Maxberry cried, and Hannah was shocked to see tears in the man's eyes.

     She knew why. Compound fractures were always fatal. Any doctor would tell Mr. O'Brien that the only treatment at this point was amputation.

     "Can you do it?" Maxberry asked Hannah.

     "I have neither the tools nor the skill, Mr. Maxberry. You must take your friend back to Adelaide."

     "No turning back," Jamie said. "Besides, what's losing a leg? I've still got another. Can you do it, Miss Conroy?" Blue eyes looked at her with frank honesty.

     Hannah had assisted her father in an amputation when a Bayfield farmer had broken his tibia, and she tried now to recall exactly what he had done. "Compound fractures, where the bone protrudes through the skin," John Conroy had explained, "always results in gangrene and an infection so severe that it invades the entire body and kills the sufferer. The only prevention is to amputate at the knee and cauterize the wound with a firebrand so that the infection does not spread."

     As his voice sounded softly in her ear, and O'Brien's men looked sad and lost—as a flock of ravens suddenly and noisily invaded a nearby gum tree—Hannah's focus moved away from amputation and fixed upon her father's words as she listened to them now with a fresh understanding.

     At the time, it had not occurred to her to ask why infection could be
prevented in the wound from an amputation but not the wound of a compound facture. But now that the question presented itself, she wondered: What is the difference?

     Hannah had gone so silent that Maxberry gave her a sour look and said, "You ain't gonna faint on us, are you?"

     She looked at him, an ugly man to be sure, but she saw pain and fear in his eyes as he knelt at his friend's side.

     Hannah brought her eyes back to Jamie O'Brien who was watching her with a devil-may-care smile on his lips. "No worries, Miss Conroy," he quipped. "This won't change my plans one bit.

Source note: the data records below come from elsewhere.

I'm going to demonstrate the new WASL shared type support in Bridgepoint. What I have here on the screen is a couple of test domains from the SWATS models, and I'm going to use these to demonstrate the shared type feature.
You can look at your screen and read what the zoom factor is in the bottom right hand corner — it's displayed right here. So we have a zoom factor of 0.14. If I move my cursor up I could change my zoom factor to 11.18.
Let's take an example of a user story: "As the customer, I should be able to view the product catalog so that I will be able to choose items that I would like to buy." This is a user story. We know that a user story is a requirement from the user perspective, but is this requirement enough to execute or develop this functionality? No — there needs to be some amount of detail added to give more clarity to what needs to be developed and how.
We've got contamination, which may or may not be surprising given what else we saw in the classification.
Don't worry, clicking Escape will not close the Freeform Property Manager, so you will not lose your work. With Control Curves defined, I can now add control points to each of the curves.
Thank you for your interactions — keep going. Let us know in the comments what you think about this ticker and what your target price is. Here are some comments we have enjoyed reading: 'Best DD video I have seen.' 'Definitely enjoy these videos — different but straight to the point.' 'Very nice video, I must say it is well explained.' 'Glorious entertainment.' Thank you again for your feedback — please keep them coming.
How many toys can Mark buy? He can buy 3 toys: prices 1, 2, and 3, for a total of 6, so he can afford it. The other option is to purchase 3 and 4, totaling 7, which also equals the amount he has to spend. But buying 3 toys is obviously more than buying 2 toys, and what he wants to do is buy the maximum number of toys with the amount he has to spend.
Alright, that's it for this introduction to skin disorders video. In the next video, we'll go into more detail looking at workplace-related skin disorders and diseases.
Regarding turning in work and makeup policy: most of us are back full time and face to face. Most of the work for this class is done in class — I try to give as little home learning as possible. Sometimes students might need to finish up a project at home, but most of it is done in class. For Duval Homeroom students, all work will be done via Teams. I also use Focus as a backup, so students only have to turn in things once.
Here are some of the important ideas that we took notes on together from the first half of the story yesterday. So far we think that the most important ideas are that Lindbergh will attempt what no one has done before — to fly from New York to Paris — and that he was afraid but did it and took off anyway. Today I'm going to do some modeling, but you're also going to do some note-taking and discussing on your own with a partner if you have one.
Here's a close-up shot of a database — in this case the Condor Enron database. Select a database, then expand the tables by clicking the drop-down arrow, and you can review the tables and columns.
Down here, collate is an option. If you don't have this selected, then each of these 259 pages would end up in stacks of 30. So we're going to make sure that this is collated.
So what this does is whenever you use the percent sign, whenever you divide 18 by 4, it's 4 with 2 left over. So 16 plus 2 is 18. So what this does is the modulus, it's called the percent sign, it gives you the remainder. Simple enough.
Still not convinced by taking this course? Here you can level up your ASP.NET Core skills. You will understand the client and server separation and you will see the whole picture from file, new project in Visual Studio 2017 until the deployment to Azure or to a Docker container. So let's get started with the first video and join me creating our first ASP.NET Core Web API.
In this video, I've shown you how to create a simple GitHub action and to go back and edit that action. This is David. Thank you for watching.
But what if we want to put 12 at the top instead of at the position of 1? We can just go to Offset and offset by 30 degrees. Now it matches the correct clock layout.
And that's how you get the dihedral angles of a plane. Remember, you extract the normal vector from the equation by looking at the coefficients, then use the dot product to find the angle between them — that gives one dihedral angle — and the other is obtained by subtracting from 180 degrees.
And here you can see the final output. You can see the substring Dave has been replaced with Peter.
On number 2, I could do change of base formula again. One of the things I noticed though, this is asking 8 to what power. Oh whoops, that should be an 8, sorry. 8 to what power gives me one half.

I reckon a man with one leg can be just as rich as a man with two. Besides, I was getting tired of putting boots on that foot."

     Hannah studied the bloody wound, with broken bone ends glistening in the sun. Already, flies were buzzing about it. As she shooed them away and felt the weight of the sky upon her, the weight of the emotions of these men, as she studied the terrible situation and tried to think of what her father would do, or Dr. Applewhite, or Dr. Davenport—amputate, certainly—Hannah thought of the iodine compound in her bag.

     Retrieving the small bottle of purple fluid, she felt her heart race. The formula had only been tested on normal skin, never in a raw wound (Jacko Jackson's blister hardly counted). It was a
hand-washing
solution. Her father had never mentioned applying it directly to torn flesh, or exposed bone! Mightn't this tincture also poison Jamie O'Brien's blood and kill him as surely as infection would?

     Her fingers tightened around the bottle. What right had she to experiment on this man?

     "Mr. Maxberry," she said. "Will you please change places with me?"

     Maxberry jumped down and helped Hannah up into the wagon where she knelt next to Jamie O'Brien. As she started to uncork the bottle, Maxberry said, "What're you doing?"

     "It's medicine," she said, suspecting he would not understand about microbiotes and antisepsis.

     "You ain't making Jamie drink that."

     "It's not to drink, it's for the wound."

     "Let her do it, Mikey," Jamie gasped. "I trust her." He was having trouble breathing, Hannah noticed.

     Hannah soaked her handkerchief with some of the tincture and then cautiously dabbed it on the bloody wound, washing it as well as she could. Instructing Mr. Maxberry to hold the ankle in mild traction, Hannah delicately manipulated the broken bone ends until they were re-aligned and back under the skin. With Michael Maxberry's eye upon her, and the wide eyes of the onlookers, Hannah stitched the wound with silk suture and a curved needle. The closure was neat and tidy, but the bandage proved a problem. Medical theory held that wounds were dirty and so it didn't matter what one bandaged them with and that using anything other than dirty rags was a waste of good clean cloth. But, in keeping with her father's theory, Hannah decided to go against popular belief, and so she cut strips from her own petticoat and bandaged the wound with them, leaving her iodine-soaked handkerchief underneath.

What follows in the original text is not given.